Monday, March 5, 2012

Day Nine: Hate Reading

Not as in "I hate reading" but as in hating things and reading them anyway (or really, because of the hate). I've found cutting out news has stopped me from doing a lot of hate reading.

It's a weird but real phenomenon. I would look for articles that I knew would provoke a reaction in me, whether because of the writer (poor logic always gets me going, for instance), the opinion stated, or even the comments by the usual suspects. Sometimes I would read the comments to see others tear the writer apart; sometimes I'd read them for the same reason that I read the article--to hate them.

I'm not sure what drove me to do this. However, I am sure that the content producers know that people have this tendency (some more than others).

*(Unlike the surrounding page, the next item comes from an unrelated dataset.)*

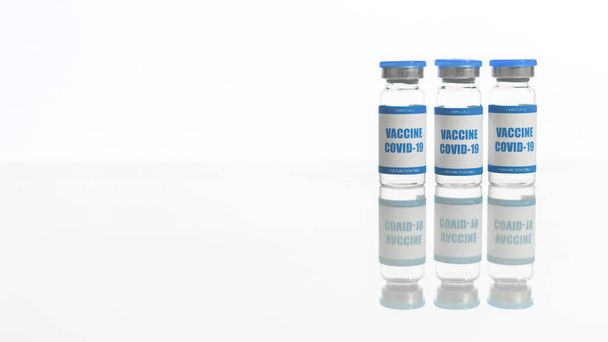 Vials of coronavirus vaccine isolated on white - Фото, изображение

I look at a place like Slate, the types of headlines and stories they put together, and I'm amazed I didn't realize the blatant manipulativeness of it sooner. I knew that their headlines were supposed to be provocative, but I never thought deeply enough about it to see the extent of the manipulation.

When the profit motive becomes a driver for news sites, this is the result. It's more noticeable in the headline news segment of the business, or even the local news business ("What common item in your house can kill you in under twelve seconds? Tune in at 10 to find out!"), but it also exists in those news sources that present themselves as more serious. It all gets back to the idea of simulation--the selection of stories does not represent reality, but rather an elaborate front, one shaped by ideology, greed, and cognitive biases.